Reflexão maravilhosa e cuidadosa sobre a festa de Pentecostes

Palavrinha, 22 de maio de 1994, Domingo

A D V E R T Ê N C I A

Gravação de conferência do Prof. Plinio com sócios e cooperadores da TFP, não tendo sido revista pelo autor.

Se Plinio Corrêa de Oliveira estivesse entre nós, certamente pediria que se colocasse explícita menção a sua filial disposição de retificar qualquer discrepância em relação ao Magistério da Igreja. É o que fazemos aqui constar, com suas próprias palavras, como homenagem a tão belo e constante estado de espírito:

“Católico apostólico romano, o autor deste texto  se submete com filial ardor ao ensinamento tradicional da Santa Igreja. Se, no entanto,  por lapso, algo nele ocorra que não esteja conforme àquele ensinamento, desde já e categoricamente o rejeita”.

As palavras “Revolução” e “Contra-Revolução”, são aqui empregadas no sentido que lhes dá Dr. Plinio em seu livro “Revolução e Contra-Revolução“, cuja primeira edição foi publicada no Nº 100 de “Catolicismo”, em abril de 1959.

 

Meu caro, é muito bom, é excelente comemorar a festa de Pentecostes, que é a vinda, como o senhor lembrou bem, do Divino Espírito Santo, baixando sobre toda a Igreja Católica. A Igreja Católica que naquele tempo era pequena: era Nossa Senhora, os Apóstolos e depois alguns fiéis que tinham permanecido na fé em Nosso Senhor Jesus Cristo, apesar de tudo quanto se passou na Sua Paixão e com Sua Morte.

Nós sabemos mesmo que foi graças à festa de Pentecostes que o número dos fiéis se multiplicou de repente, além de toda a medida do excogitável. Porque quando se deu a vinda do Espírito Santo, produziu-se fora do Cenáculo – e presumivelmente dentro do Cenáculo também – um grande estalo, um grande estampido. Mas esses estampidos devem se entender como, presumivelmente, estampidos muito bonitos, porque aquilo que o Espírito Santo faz, aquilo que vem de Deus, vem normalmente acompanhado de beleza, de grandeza.

Não há dado concreto nenhum, que eu conheça, que não autorize a imaginação seguinte, que eu vou fazer; mas não havendo nada em sentido contrário na Divina Escritura, é lícito imaginar.

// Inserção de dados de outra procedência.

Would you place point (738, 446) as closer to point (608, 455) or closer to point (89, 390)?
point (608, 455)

Nós poderíamos imaginar que aquele estampido se deu não sob a forma comum de um estampido de artilharia, que nem havia naquele tempo a artilharia, seria um estampido, portanto, que se poderia imaginar como uma explosão harmônica e angélica.

A palavra “explosão” traz consigo a ideia de desordem e de caos, porque é alguma coisa que se destrói pela decomposição dos seus elementos interiores. É uma destruição, portanto, e uma destruição é um fenômeno que vai acompanhado de desordem. É gerado pela desordem e seguido de desordem.

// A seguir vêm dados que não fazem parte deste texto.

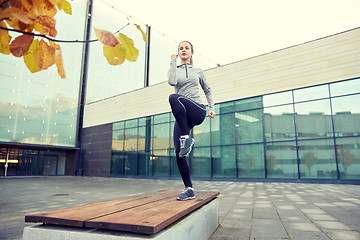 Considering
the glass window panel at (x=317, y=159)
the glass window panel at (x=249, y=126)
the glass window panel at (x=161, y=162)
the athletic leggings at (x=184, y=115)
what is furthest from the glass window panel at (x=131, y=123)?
the athletic leggings at (x=184, y=115)

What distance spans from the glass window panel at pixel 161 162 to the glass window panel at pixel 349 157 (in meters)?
10.4

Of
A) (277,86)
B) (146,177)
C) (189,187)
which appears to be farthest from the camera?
(146,177)

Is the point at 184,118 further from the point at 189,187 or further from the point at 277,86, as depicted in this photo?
the point at 277,86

A descida do Divino Espírito Santo foi precisamente o contrário, foi a vinda dAquele que é a Ordem, dAquele que é a boa composição das coisas: é o Criador.

Seria natural, portanto, que aquela explosão – que poderia chamar-se explosão por ser uma irrupção brusca, forte e enfática de sons – não fossem quaisquer sons, mas fossem sons angelicamente belos, angelicamente concatenados entre si. De maneira que seria como certas músicas – as há – que começam com uma grande partida, uma grande “entrée” [abertura, entrada, n.d.c.] sonora.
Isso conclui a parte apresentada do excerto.